In commemoration of Li Ruinian’s centennial birthday, an exhibition about his donation is currently on display at Hall 1 since July 6 until July 16, 2010. The exhibition comprises a total of nearly 100 works including oil paintings and sketches as the first combination of his works. In addition, his wife Liao Xianzhuang, his son Li Dun and his daughter Li Diya will donate his masterpieces in different periods to the National Art Museum of China.
Li Ruinian was born in Tianjin in 1910 and studied in the Art College of Peking University from Wei Tianlin since 1928. What Li Ruinian learned about the oil painting is the compromising style between the classic realistic technique and the modern drawing method. He started to learn painting in Europe since 1933, first in Belgium Royal Academy of Fine Arts and then National Advanced School of Fine Arts in Paris, France. The experience of overseas study helped lay a solid foundation for his later achievements. Li Ruinian was engaged in art education from 1939 to 1985. His cooperative teaching with Xu Beihong, Huang Xianzhi and Lv Sibai in Central University in the early 1940s and 1950s and subsequent teaching activities with Xu Beihong in National Beijing Art College (China Central Academy of Fine Arts) were his most brilliant moment in his art teaching career. In addition to teaching, he also assumed the office of member of Discipline Assessment Group of the Academic Degrees Committee of State Council, vice-president of China Artists Association—Beijing Branch, Executive Director of Beijing Federation of Literary and Art Circles and member of Beijing Municipal Committee of the Chinese People’s Political Consultative Conference.
Since the establishment of New China in 1949, Li Ruinian along with all the other artists entered a new social and cultural atmosphere. He continued the path of going deep into life and observing the nature. His works reveal abundant sensibility to the nature and the feeling to the new era and integrate his passion through the conscientious object modeling. The artist combines the traditional Chinese painting with the western style and creates an elegant and refreshing artistic conception.
Li Ruinian is an representative in the Chinese artistic history in the 20th century especially in the field of the Chinese oil painting. He is skilled in landscape oil paintings, revealing the aesthetic characteristic of simplicity and sentiment. The exhibits include a number of his masterpieces, such as Struggle (1944), New village of Shaping (1944), Sunflower (1960), Courtyard (1979), The Taihu Lake (1984) and Life (1984).

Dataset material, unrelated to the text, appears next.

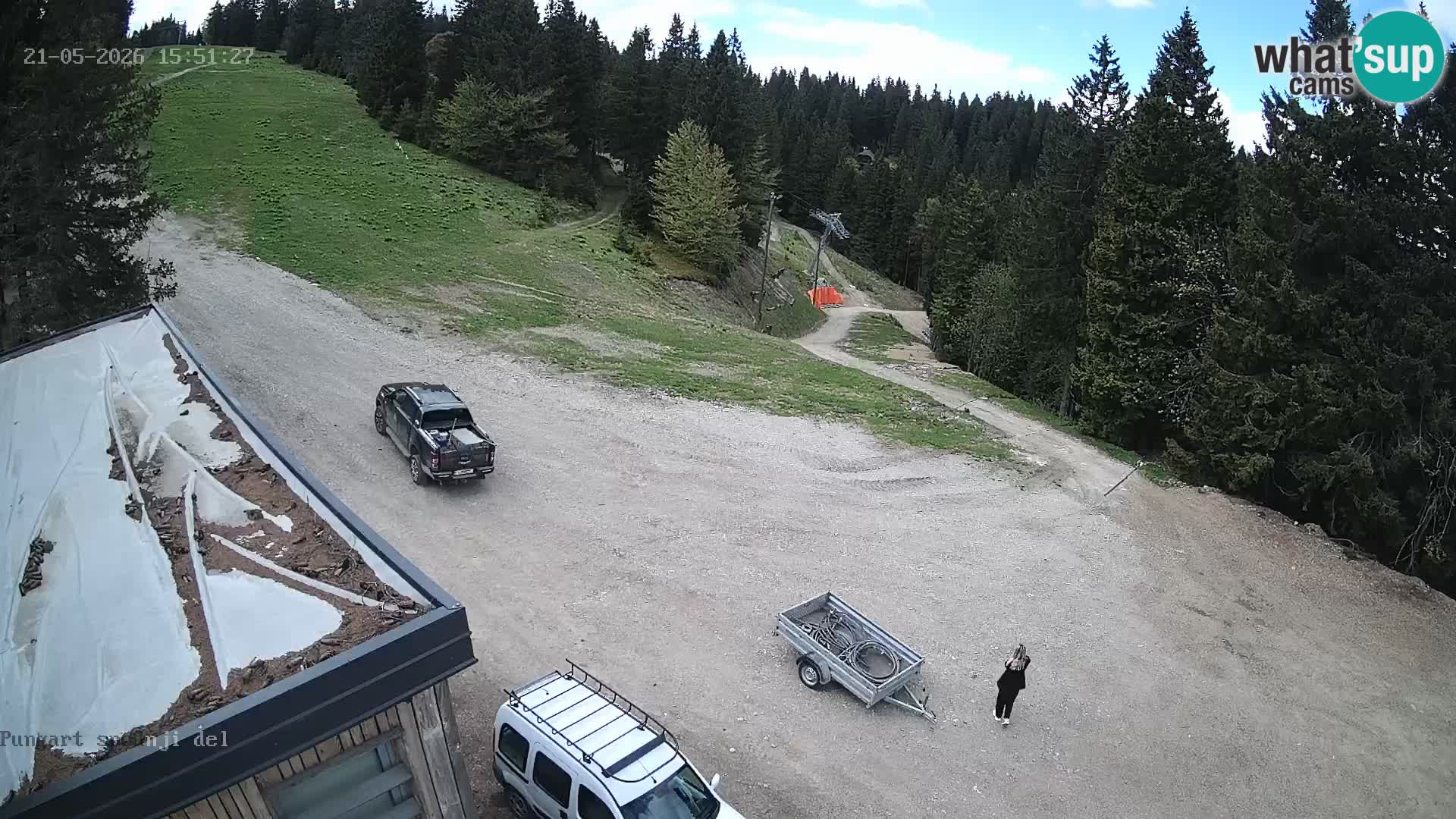 Kope Ski resort | Pungart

In addition to oil painting creation, Li Ruinian has been engaged in artistic education. He taught in the Central University with the cooperation with Xu Beihong, Huang Xianzhi and Lv Sibai from the 1940s and the 1950s and then in the Central Academy of Fine Arts. He was also member of the Discipline Assessment Group of the Academic Degrees Committee of the State Council, vice-president of the Beijing Branch of the China Artists Association, Executive Director of Beijing Federation of Literary and Art Circles and member of Beijing Municipal Committee of the Chinese People’s Political Consultative Conference.